#### WORK INSTRUCTION
Return every entry below word for word and leave out any picture.

—————

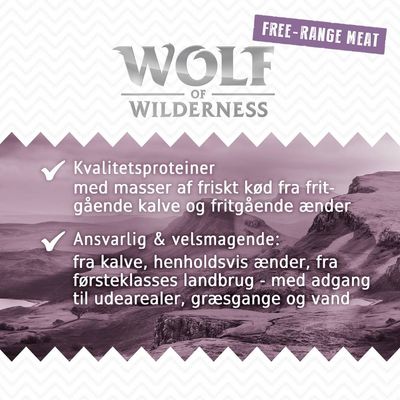 WOLF of WILDERNESS, FREE-RANGE MEAT. Kvalitetsproteiner med frisk kød fra fritgående kalve og ænder. Ansvarlig & velsmagende: fra første klasses landbrug med adgang til udearealer, græsgange og vand.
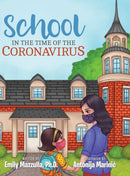 School in the Time of the Coronavirus-9781735422527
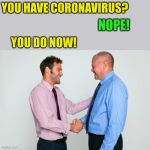 Sharing is caring | YOU HAVE CORONAVIRUS? NOPE! YOU DO NOW! | image tagged in two guys shaking hands,coronavirus | made w/ Imgflip meme maker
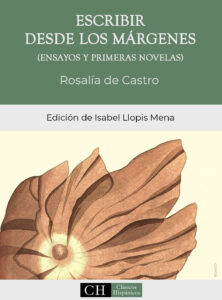 Escribir desde los márgenes (ensayos y primeras novelas)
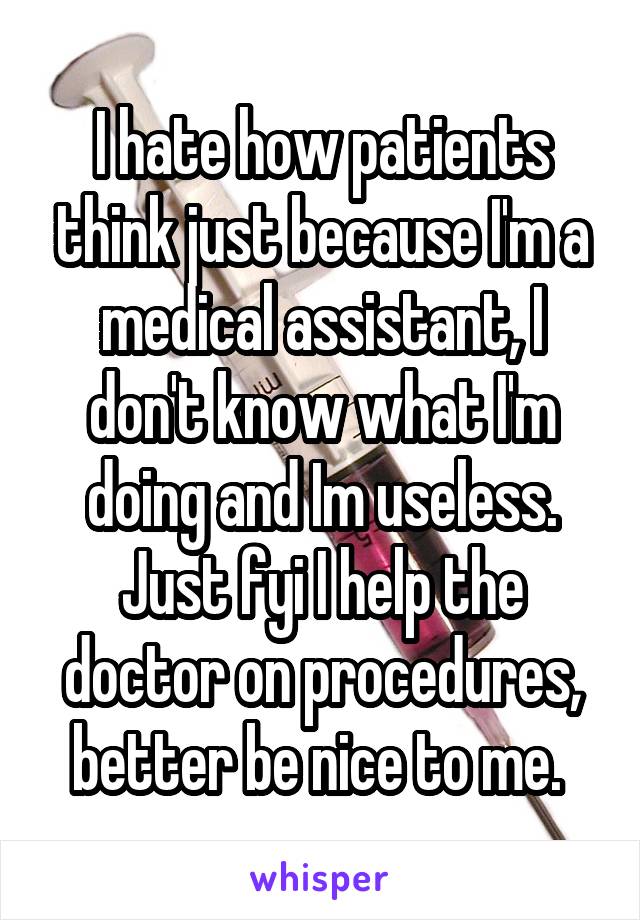 I hate how patients think just because I'm a medical assistant, I don't know what I'm doing and Im useless. Just fyi I help the doctor on procedures, better be nice to me.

—————

#### SOLUTION TO THE PROBLEM
 WOLF of WILDERNESS, FREE-RANGE MEAT. Kvalitetsproteiner med frisk kød fra fritgående kalve og ænder. Ansvarlig & velsmagende: fra første klasses landbrug med adgang til udearealer, græsgange og vand.
 School in the Time of the Coronavirus-9781735422527
 Sharing is caring | YOU HAVE CORONAVIRUS? NOPE! YOU DO NOW! | image tagged in two guys shaking hands,coronavirus | made w/ Imgflip meme maker
 Escribir desde los márgenes (ensayos y primeras novelas)
 I hate how patients think just because I'm a medical assistant, I don't know what I'm doing and Im useless. Just fyi I help the doctor on procedures, better be nice to me.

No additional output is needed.